Friday, December 09, 2005

Seaside, FL - Weight of Success Proving Heavy

The New York Times has an article on the challenges facing Seaside--the Andres Duany-designed Florida Panhandle resort community that presaged the success of the New Urbanist movement in the United States.

One of the challenges is ecological. Hurricane Dennis subsumed portions of the beach and damaged the dunes separating the housing from the Gulf's waters. As the article rightly asserts, the planning framework employed by developer Robert Davis and Duany--which limited private housing on the oceanfront in favor of a communal beach--proved fortuitous. Since housing doesn't abut the water and natural dune systems were respected, housing took less of a hit than in other parts of the region.

Erosion, however, remains an issue--particularly given recent predictions by climatologists that severe weather will likely continue to pummel the region. What would happen in the event of a Category 5 hitting Seaside is unknown, but it certainly wouldn't be pretty.

The article also discusses the success of Seaside and how prices have increased dramatically and "urban" problems like traffic congestion are festering.

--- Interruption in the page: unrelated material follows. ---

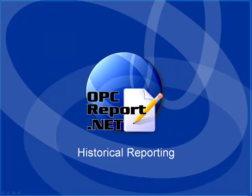In this presentation, we will review the product opcreport.net, one of 12 product features of the full opcsystems.net suite.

This latter aspect is interesting. The article fails to discuss the regional growth in the Panhandle and the role of state government--and, in particular, Governor Jeb Bush--in setting into motion a series of growth policies that are significantly transforming the area. The issue is particularly complex--as most large scale development issues are; but I would point people interested in learning more about the transformation of the panhandle into what will essentially be one large suburb sprawling to two sources.

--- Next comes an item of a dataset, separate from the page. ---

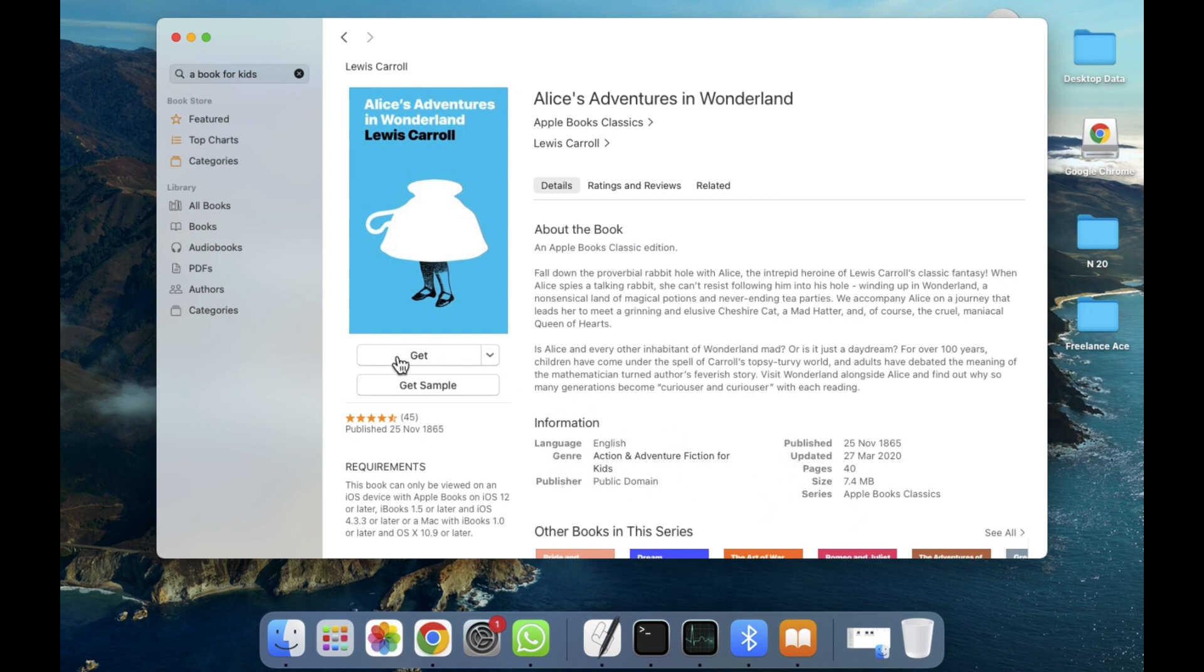Now simply we need to click on the Get button. After clicking on Get, it will take a few seconds to a few minutes downloading. After the completion of downloading, you will be able to read these books on your MacBook.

First, check out June Wiaz and Katherine Ziewitz's book from last year, Green Empire: The St. Joe Company and the Remaking of Florida's Panhandle which looks at the state's largest real estate developer and land owner and their plans for transforming the region. Next, Bill Moyers did a special a couple of years ago exploring the issue of Jeb Bush's ties to St. Joe's. I haven't verified the links, but this blog apparently has clips of the program.